Paru dans La revue internationale et stratégique (Paris) 56, hiver 2004-2005

Fiche de lecture par Pascal Boniface

Yakov Rabkin – L’opposition juive au sionisme – Presses de l’université Laval – 274 pages.

En France, certains ultra pro-israéliens ont vite fait de confondre critique de gouvernement Sharon, opposition de principe à l’État d’Israël et haine des juifs, mélangeant le jugement porté sur un gouvernement, sur un Etat et sur un peuple. L’antsionisme est un antisémitisme qui se cache mal est le nouveau slogan de quelques intellectuels et responsables communautaires. On comprendra pourquoi ils n’ont pas rendu compte du livre d’un universitaire canadien Yakov Rabkin qui brise quelques idées reçues.

Difficile d’accuser d’antisémitisme ce juif religieux.
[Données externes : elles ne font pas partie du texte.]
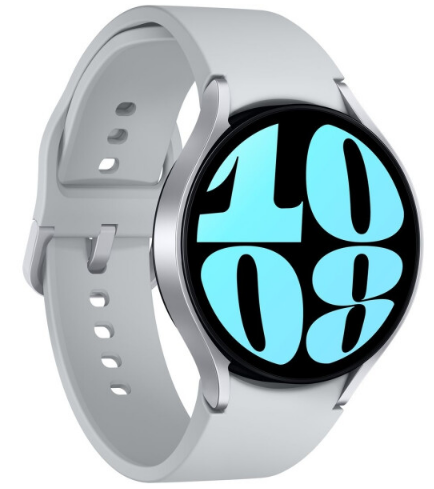 Смарт годинник Samsung Galaxy Watch 6 44mm Silver (SM-R940NZSASEK) | Зображення 2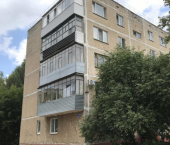 4-комн, 72кв м, этаж 1/5 Оса, улица Генерала Богомягкова, 14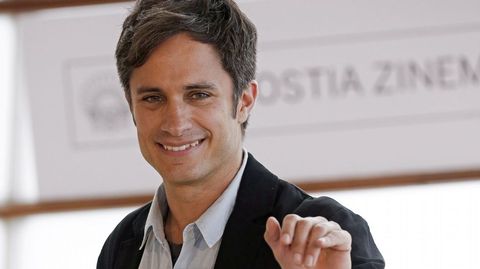 Gael Garca Bernal fue distinguido con el Premio Jaeger-LeCoultre al Cine Latino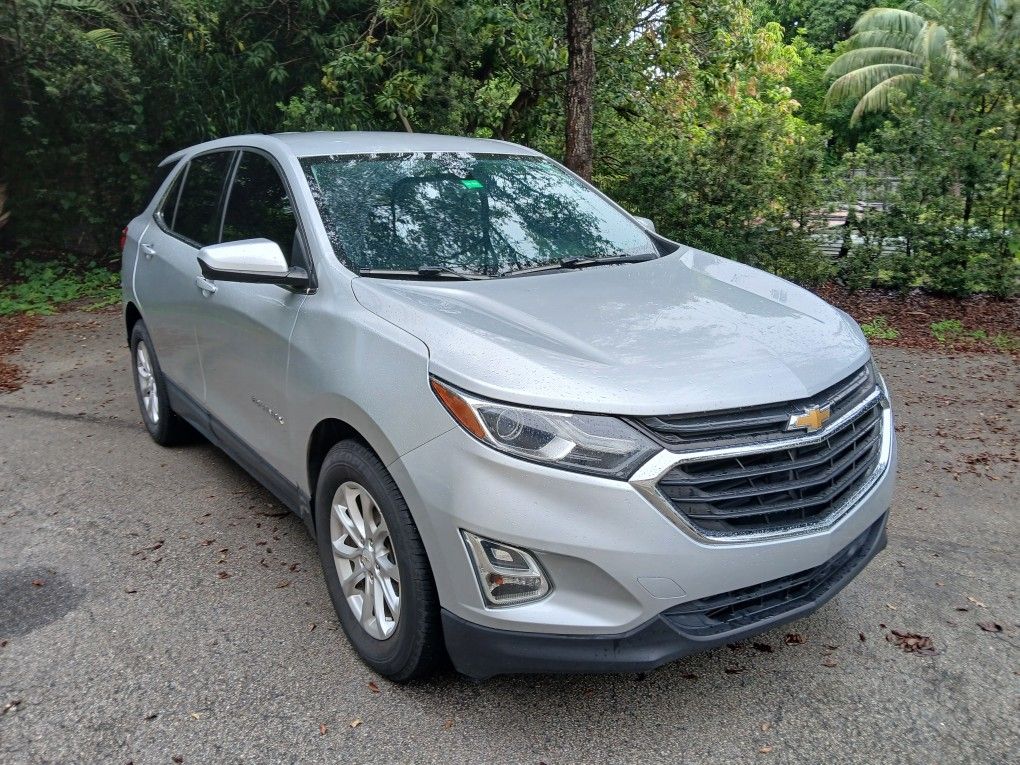 2018 Chevrolet Equinox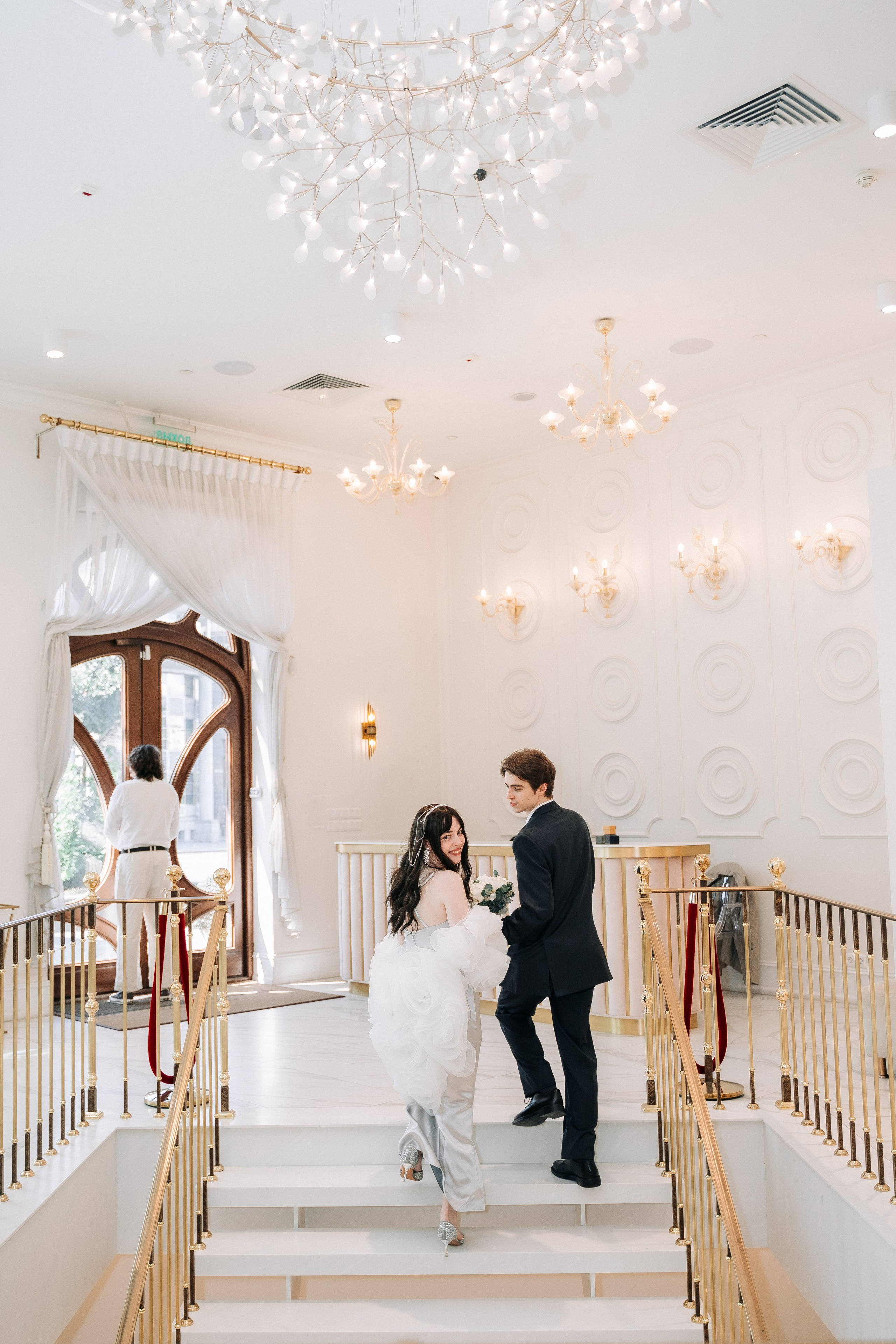 Павел и Ева. Свадебный и семейный фотограф в Москве и МО Геннадий Туманцев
Il étudie quelque chose peu connu du public tant juif que non juif, le rejet du sionisme au nom de la Torah, au nom de la tradition juive. L’auteur montre qu’une opposition virulente au sionisme et l’Etat d’Israël caractérise plusieurs mouvements au sein du judaïsme orthodoxe. Le sionisme est pour eux une hérésie, un reniement de la croyance messianique fondamentale et une violation de la promesse donnée à Dieu de ne jamais s’emparer de la terre Sainte par des efforts humains.
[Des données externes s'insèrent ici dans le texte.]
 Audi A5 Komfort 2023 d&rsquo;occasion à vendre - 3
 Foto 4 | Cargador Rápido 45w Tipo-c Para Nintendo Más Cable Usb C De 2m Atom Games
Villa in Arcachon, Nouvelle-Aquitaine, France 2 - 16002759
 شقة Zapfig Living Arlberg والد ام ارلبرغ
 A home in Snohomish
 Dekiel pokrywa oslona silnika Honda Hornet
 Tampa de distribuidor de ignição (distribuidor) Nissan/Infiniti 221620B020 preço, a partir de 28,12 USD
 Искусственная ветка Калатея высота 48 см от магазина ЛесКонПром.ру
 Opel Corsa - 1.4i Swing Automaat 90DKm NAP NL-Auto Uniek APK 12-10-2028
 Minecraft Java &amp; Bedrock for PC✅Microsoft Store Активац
Selon lui, les nouveaux immigrants d’origine soviétique venus vivre en Israël illustrent bien cette contradiction. 1/3 d’entre eux ne sont pas juifs selon la loi rabbinique. Mais ils sont pourtant tout à fait sionistes.

Pour les juifs religieux, l’étude de la Torah protège les juifs en terre d’Israël mieux que tous les armements que possède l’Etat. Cela explique la dérogation à la loi du service militaire pour les milliers d’étudiants de la Torah.
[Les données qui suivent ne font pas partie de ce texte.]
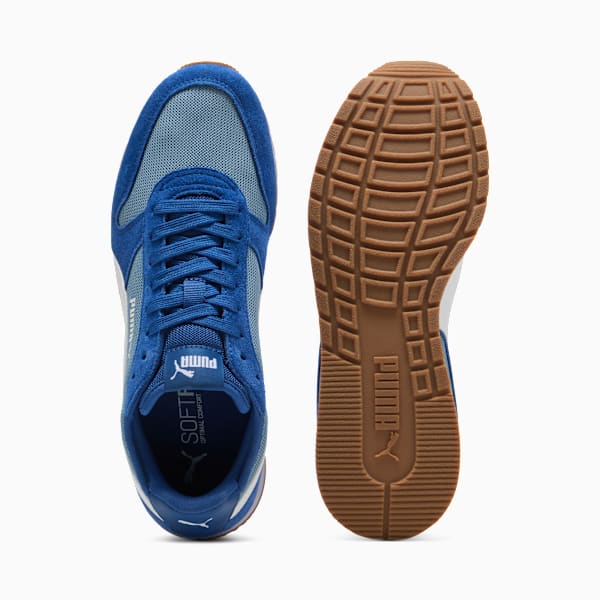 ST MILER Sneakers Unisex, Cool Blue-PUMA White-Clyde Royal, extralarge-GBR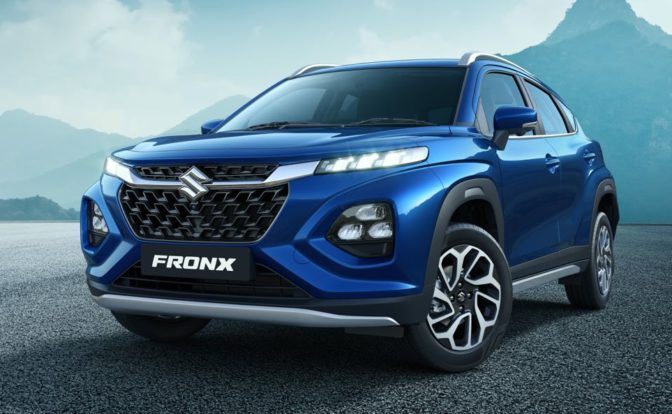 Maruti Fronx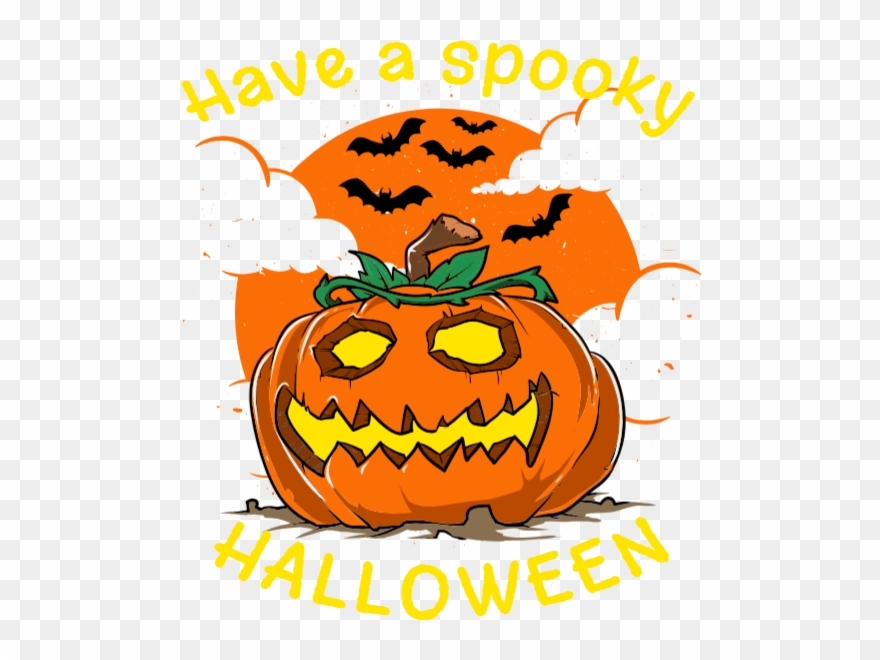 Have A Spooky Halloween Clipart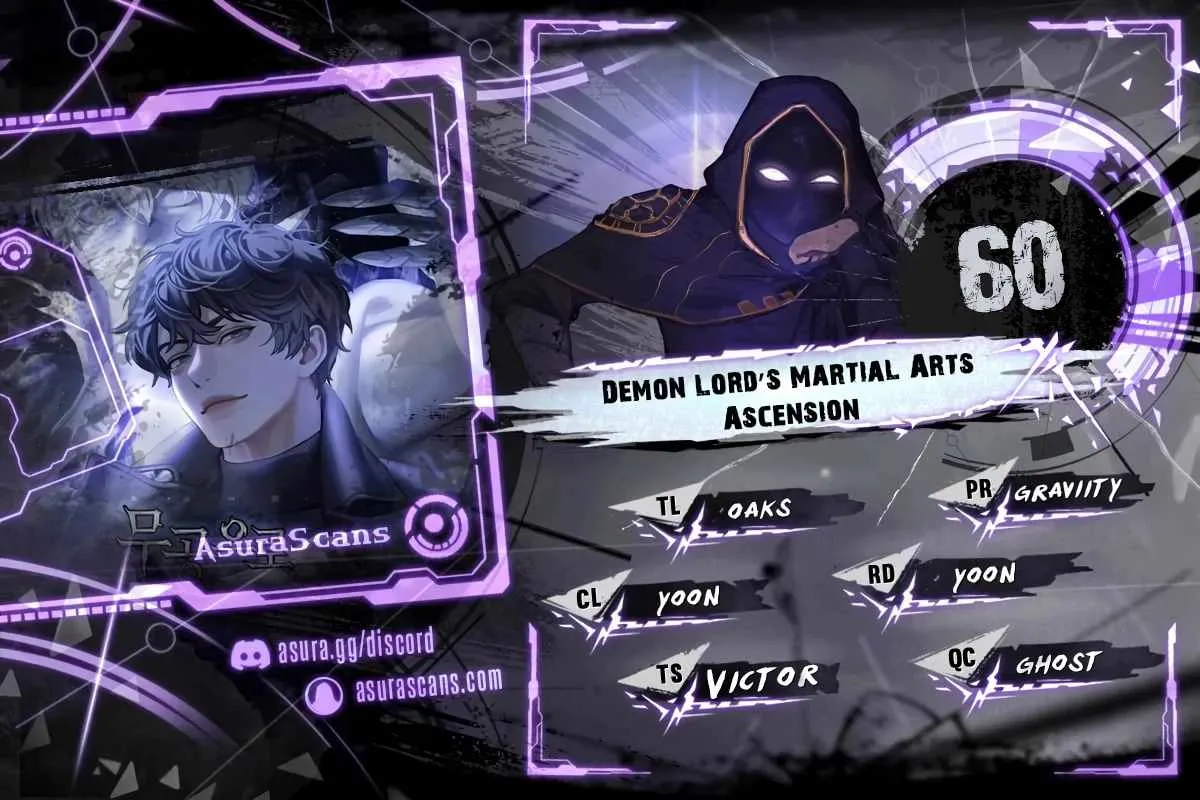 Demon Lord’s Martial Arts Ascension Chapter 60 page 2 - 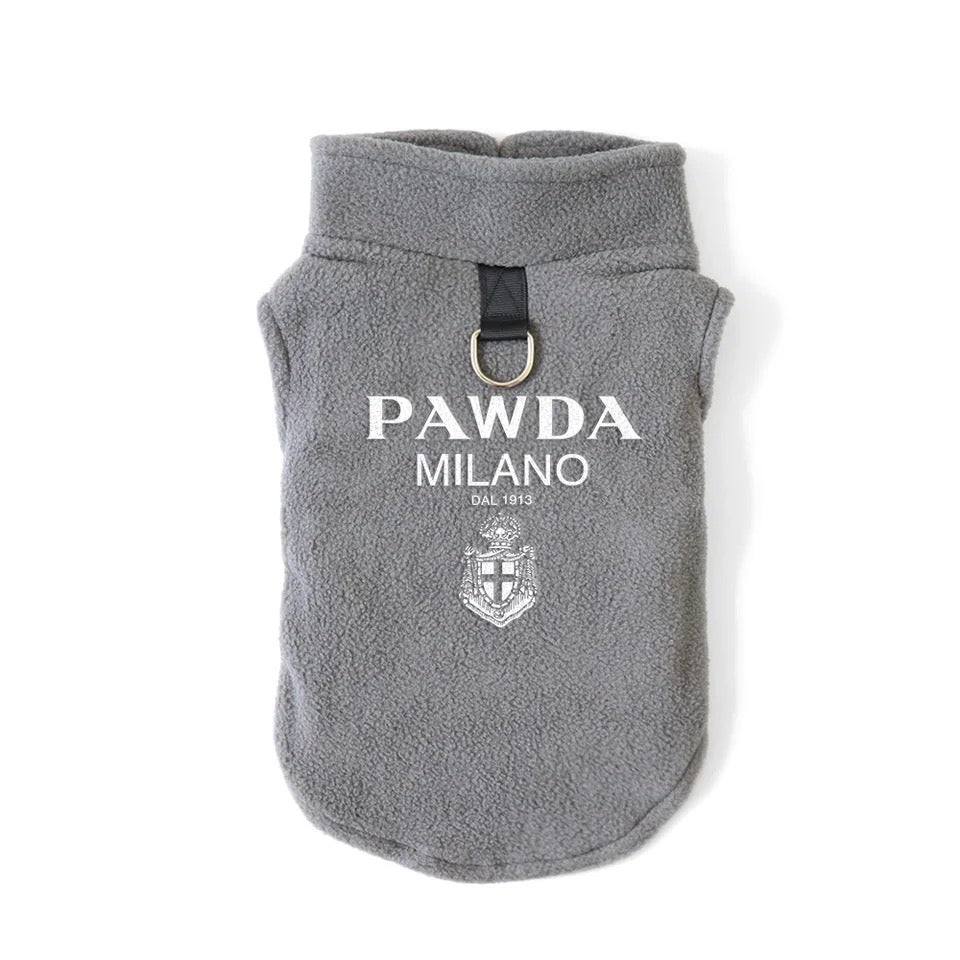 Chandail pour chien Pawda – Vêtement classique en maille pour chiens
Certains juifs religieux estiment que juifs et arabes vivaient en paix côte à côte jusqu’à ce que les Anglais puis les sionistes jugent qu’il était dans leur intérêt de semer la discorde. Rabkin met en avant l’appui massif qu’offre à l’Etat d’Israël des millions de partisans chrétiens du sionisme pour lesquels le retour des juifs à la terre Sainte servirait de prélude à leur adhésion au Christ ou pour ceux qui ne le feraient pas à leur destruction physique. Dans cette optique, la fonction principale de l’Etat d’Israël est de préparer la seconde venue du Christ et de se débarrasser alors du Judaïsme et de ceux qui y adhèrent. Il est donc logique que les sionistes chrétiens jouent un rôle de plus en plus important dans l’appui financier et politique de l’Etat d’Israël.

Tant les sionistes que leurs détracteurs s’accordent à dire que l’hostilité que rencontre les juifs pendant des siècles dépassent le cadre de la normalité. Il s’agit d’une hostilité tout à fait unique en son genre. Mais les sionistes expliquent cette hostilité par l’impuissance politique et militaire des juifs, alors que les juifs pieux tendent avoir la racine de cette haine intense dans la gravité des péchés commis par les juifs.

Beaucoup de juifs religieux déplorent que la force soit devenu l’argument le plus persuasif dans le vécu d’Israël.

Rabkin dénonce les politiciens israéliens qui déclarent agir au nom du peuple juif sans se préoccuper des effets de l’activité de l’armée israélienne sur l’image du juif dans le monde.

Il déplore que l’allégeance à l’Etat d’Israël a depuis longtemps remplacée le judaïsme comme l’encrage principale de l’identité juive.

Les intérêts d’Israël concordent-ils avec ceux des juifs de la Diaspora ou rentrent t-ils au contraire en conflit avec eux ?

L’antisémitisme était inéluctable et Israël est-il donc le seul endroit au monde où les juifs puissent se trouver en sécurité ? C’est quelques unes des questions que pose ce livre.